Ik maak van zand, steentjes en plantenrestjes een mooi huisje voor mezelf, waar ik in kan schuilen.
Ik zwem op mijn rug en lijk hierdoor op een bootje. Wie mij wil vangen moet snel zijn, omdat ik op mijn rug zwem kan ik mijn prooien beter zien. Bij gevaar duik ik snel onderwater.
Heb je een vis in je netje gevangen? Dat is leuk! Op de website Dierenzoeker (of download de App op je telefoon) kun je uitzoeken wat je hebt gevangen.
Ik ben de grootste tor die je in je netje kunt vangen. Als larve lust ik alles zelfs broertjes en zusjes. Zodra ik volwassen ben eet ik alleen nog maar planten.

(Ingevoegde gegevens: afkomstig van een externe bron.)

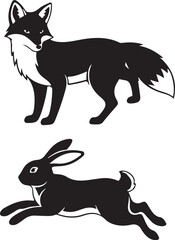 Black Silhouettes of a Fox and a Running Rabbit on White Background hare bunny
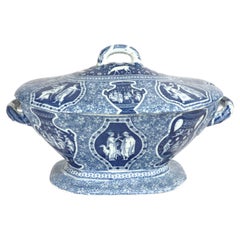 Antique Herculaneum Pottery Neo-Classical Greek Pattern Blue Soup Tureen & Cover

Wist je dat vissen twee kleine neusgaatjes hebben aan de voorkant van hun snuit? Vissen gebruiken hun 'neus' om eten te zoeken of roofdieren uit de weg te gaan. Maar stekelbaarsjes gebruiken hun neus ook om een liefje te vinden. Ze vinden elkaar leuker als ze hetzelfde ruiken!

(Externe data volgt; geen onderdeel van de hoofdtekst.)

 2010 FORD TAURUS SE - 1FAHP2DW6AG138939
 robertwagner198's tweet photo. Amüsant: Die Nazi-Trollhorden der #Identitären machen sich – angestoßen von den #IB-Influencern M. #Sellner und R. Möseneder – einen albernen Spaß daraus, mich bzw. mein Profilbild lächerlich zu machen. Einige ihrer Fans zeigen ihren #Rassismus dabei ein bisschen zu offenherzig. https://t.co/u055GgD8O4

Ik heb niet twee, maar wel vier ogen! Eén paar ogen om mee onderwater te kijken en één paar ogen om mee boven water te kijken.
Veel dieren in en bij een sloot is een goed teken. Dat betekent dat er voor al die diertjes voldoende eten te vinden is, wat weer een teken is van een gezonde omgeving.